Saved data entries

..........

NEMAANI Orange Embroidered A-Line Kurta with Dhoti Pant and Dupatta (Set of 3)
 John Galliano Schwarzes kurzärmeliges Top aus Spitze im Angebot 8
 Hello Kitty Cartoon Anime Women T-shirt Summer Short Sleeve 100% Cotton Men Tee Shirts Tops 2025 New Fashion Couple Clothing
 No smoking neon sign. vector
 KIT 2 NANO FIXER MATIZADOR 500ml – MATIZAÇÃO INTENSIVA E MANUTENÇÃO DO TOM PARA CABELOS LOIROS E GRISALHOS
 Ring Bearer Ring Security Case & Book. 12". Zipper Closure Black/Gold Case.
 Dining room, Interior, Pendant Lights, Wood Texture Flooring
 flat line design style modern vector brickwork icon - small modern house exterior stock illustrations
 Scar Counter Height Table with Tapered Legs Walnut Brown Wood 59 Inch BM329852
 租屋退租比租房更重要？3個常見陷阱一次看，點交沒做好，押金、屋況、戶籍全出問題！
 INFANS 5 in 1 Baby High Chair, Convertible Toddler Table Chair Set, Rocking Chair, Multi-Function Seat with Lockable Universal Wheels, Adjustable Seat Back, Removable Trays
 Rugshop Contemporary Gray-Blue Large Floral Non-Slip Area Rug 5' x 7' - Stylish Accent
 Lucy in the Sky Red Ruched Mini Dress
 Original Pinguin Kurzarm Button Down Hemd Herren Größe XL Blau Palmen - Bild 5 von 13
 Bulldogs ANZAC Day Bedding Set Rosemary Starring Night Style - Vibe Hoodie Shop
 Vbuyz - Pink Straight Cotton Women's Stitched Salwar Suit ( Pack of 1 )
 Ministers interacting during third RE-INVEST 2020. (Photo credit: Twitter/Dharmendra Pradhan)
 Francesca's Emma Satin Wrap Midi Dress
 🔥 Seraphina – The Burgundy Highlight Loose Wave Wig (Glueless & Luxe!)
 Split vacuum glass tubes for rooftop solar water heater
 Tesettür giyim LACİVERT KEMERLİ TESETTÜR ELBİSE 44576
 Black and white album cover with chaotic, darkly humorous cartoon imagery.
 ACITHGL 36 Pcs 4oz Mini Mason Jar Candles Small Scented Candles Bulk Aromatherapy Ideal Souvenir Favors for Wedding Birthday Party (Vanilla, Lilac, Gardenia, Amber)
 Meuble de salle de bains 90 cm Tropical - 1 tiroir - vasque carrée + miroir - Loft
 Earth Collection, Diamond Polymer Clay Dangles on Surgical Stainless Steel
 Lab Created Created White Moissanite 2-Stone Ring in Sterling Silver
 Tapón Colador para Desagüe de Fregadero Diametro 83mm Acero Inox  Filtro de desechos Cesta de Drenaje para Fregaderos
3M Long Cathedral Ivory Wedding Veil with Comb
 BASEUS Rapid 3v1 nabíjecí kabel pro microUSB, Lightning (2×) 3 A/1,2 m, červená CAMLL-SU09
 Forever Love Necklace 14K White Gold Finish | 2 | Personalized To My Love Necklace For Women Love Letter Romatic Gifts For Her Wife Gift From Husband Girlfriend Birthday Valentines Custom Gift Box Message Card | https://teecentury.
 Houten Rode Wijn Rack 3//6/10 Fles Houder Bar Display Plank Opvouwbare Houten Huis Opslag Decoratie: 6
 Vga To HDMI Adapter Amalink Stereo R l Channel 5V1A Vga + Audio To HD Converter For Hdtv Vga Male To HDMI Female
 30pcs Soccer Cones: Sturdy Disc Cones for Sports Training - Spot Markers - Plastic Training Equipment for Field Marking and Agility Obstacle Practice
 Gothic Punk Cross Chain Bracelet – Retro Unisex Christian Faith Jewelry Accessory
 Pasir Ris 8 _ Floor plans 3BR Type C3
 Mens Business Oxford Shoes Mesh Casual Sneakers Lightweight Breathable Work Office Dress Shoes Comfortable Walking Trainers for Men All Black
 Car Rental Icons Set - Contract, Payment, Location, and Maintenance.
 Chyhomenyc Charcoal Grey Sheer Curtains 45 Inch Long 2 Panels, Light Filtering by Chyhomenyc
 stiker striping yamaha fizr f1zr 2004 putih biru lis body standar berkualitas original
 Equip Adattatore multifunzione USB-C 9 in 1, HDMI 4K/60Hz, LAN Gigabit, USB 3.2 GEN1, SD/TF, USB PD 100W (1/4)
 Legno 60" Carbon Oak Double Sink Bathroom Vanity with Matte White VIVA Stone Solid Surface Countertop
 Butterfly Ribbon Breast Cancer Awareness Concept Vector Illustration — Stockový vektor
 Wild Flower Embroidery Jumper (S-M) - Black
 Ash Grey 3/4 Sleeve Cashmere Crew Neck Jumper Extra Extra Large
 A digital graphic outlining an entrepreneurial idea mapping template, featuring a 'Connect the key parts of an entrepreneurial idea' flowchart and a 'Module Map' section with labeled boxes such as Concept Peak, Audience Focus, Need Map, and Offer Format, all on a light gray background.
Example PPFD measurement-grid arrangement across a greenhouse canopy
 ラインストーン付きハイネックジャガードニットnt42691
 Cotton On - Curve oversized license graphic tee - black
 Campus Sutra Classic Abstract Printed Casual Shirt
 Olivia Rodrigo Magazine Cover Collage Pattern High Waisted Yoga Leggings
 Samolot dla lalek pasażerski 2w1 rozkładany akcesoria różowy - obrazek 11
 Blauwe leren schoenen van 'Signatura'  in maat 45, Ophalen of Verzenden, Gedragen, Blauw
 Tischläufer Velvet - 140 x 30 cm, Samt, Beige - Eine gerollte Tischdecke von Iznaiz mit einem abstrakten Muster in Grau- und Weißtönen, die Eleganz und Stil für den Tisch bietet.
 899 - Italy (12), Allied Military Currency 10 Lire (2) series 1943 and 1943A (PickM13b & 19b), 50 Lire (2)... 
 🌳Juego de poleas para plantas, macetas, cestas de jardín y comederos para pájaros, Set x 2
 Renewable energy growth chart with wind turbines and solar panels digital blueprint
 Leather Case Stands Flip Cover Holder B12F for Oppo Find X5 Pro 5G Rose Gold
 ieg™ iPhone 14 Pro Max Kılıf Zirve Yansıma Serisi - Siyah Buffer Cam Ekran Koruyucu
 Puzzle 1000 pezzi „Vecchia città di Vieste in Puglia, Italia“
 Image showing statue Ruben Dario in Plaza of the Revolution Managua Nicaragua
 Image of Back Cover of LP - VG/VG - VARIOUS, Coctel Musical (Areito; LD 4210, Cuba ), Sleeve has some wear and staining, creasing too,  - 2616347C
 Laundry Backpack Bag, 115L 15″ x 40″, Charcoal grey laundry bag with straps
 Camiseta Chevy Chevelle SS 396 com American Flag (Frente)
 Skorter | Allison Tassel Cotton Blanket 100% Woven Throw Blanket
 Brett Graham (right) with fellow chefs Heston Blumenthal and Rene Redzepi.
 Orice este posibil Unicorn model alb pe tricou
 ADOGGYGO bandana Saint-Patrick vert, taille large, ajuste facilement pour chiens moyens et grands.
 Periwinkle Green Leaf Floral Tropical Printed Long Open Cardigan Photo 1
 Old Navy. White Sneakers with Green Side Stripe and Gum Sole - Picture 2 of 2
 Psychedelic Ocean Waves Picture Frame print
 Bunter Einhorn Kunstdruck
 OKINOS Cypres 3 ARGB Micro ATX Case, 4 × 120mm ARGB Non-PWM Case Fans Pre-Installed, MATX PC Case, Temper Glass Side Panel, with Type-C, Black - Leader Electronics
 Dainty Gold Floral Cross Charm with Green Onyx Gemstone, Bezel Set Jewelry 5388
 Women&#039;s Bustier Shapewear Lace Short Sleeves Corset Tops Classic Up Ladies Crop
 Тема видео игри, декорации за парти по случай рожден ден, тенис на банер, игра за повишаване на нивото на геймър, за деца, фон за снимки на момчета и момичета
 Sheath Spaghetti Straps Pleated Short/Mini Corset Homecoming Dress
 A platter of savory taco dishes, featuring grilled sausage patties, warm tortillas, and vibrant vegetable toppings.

..........

Exercise directions: Transcribe the lines above between the line holding "Split vacuum glass" and the line holding "stiker striping yamaha", inclusive, exactly as they stand and with nothing added.

Response area:
 Split vacuum glass tubes for rooftop solar water heater
 Tesettür giyim LACİVERT KEMERLİ TESETTÜR ELBİSE 44576
 Black and white album cover with chaotic, darkly humorous cartoon imagery.
 ACITHGL 36 Pcs 4oz Mini Mason Jar Candles Small Scented Candles Bulk Aromatherapy Ideal Souvenir Favors for Wedding Birthday Party (Vanilla, Lilac, Gardenia, Amber)
 Meuble de salle de bains 90 cm Tropical - 1 tiroir - vasque carrée + miroir - Loft
 Earth Collection, Diamond Polymer Clay Dangles on Surgical Stainless Steel
 Lab Created Created White Moissanite 2-Stone Ring in Sterling Silver
 Tapón Colador para Desagüe de Fregadero Diametro 83mm Acero Inox  Filtro de desechos Cesta de Drenaje para Fregaderos
3M Long Cathedral Ivory Wedding Veil with Comb
 BASEUS Rapid 3v1 nabíjecí kabel pro microUSB, Lightning (2×) 3 A/1,2 m, červená CAMLL-SU09
 Forever Love Necklace 14K White Gold Finish | 2 | Personalized To My Love Necklace For Women Love Letter Romatic Gifts For Her Wife Gift From Husband Girlfriend Birthday Valentines Custom Gift Box Message Card | https://teecentury.
 Houten Rode Wijn Rack 3//6/10 Fles Houder Bar Display Plank Opvouwbare Houten Huis Opslag Decoratie: 6
 Vga To HDMI Adapter Amalink Stereo R l Channel 5V1A Vga + Audio To HD Converter For Hdtv Vga Male To HDMI Female
 30pcs Soccer Cones: Sturdy Disc Cones for Sports Training - Spot Markers - Plastic Training Equipment for Field Marking and Agility Obstacle Practice
 Gothic Punk Cross Chain Bracelet – Retro Unisex Christian Faith Jewelry Accessory
 Pasir Ris 8 _ Floor plans 3BR Type C3
 Mens Business Oxford Shoes Mesh Casual Sneakers Lightweight Breathable Work Office Dress Shoes Comfortable Walking Trainers for Men All Black
 Car Rental Icons Set - Contract, Payment, Location, and Maintenance.
 Chyhomenyc Charcoal Grey Sheer Curtains 45 Inch Long 2 Panels, Light Filtering by Chyhomenyc
 stiker striping yamaha fizr f1zr 2004 putih biru lis body standar berkualitas original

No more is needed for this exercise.